Mr Mung’ou has urged the government to effect a temporary deployment of permanent security personnel in the area as well as vigorous peace building efforts, spearheaded by area Members of Parliament (MPs) and village elders, to curb the violence. “Perhaps having that sense of administration and security forces on the ground and also the leaders themselves bringing together the elders and talking to them from time to time, instead of allowing these small things to spark fights, will help.”

The Mandera Central District Commissioner (DC) Francis Lenyangume has held a second meeting with clan leaders to discuss ways of quelling the clashes, which were sparked by an attack on a water point in Jaldesa location, where one person died and more than 1,200 heads of cattle were stolen.
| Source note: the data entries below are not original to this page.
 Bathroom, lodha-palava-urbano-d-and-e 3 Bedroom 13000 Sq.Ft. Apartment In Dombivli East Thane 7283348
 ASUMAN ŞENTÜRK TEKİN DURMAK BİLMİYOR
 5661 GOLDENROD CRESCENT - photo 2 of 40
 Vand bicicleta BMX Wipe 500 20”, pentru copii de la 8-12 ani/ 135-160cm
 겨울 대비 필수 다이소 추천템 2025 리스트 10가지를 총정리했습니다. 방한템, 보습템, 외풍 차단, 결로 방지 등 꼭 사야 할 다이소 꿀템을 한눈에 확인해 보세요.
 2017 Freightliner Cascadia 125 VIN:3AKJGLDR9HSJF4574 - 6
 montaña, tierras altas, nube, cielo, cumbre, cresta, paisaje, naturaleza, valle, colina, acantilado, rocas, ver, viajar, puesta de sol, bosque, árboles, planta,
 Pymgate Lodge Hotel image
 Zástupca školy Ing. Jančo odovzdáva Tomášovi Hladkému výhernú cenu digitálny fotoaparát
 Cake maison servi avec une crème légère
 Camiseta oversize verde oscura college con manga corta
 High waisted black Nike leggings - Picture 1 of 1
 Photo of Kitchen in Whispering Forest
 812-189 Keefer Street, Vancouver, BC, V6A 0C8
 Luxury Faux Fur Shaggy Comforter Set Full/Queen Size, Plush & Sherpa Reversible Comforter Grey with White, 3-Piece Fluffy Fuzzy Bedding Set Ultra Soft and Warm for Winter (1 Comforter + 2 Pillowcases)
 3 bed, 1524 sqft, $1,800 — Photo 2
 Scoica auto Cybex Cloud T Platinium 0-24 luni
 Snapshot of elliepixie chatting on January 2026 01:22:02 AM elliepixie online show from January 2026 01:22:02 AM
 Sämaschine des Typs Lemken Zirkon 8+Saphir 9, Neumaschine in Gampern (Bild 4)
Residents said that the two communities were fighting over the control of the border town, which is largely inhabited by members of the Murulle community.

There was more trouble on Tuesday when over 100 families were displaced from their homes by raging floods. Those displaced have been putting up at the Komor area near the town, which was invaded by Garre youth who ordered them out. The chaos has forced aid organisations to suspend humanitarian and relief operations for almost 6,000 people who were displaced by the flash floods.

“The Red Cross and other organisations that are concerned with relief work cannot proceed at the moment”, Mr Mung’ou told Capital News.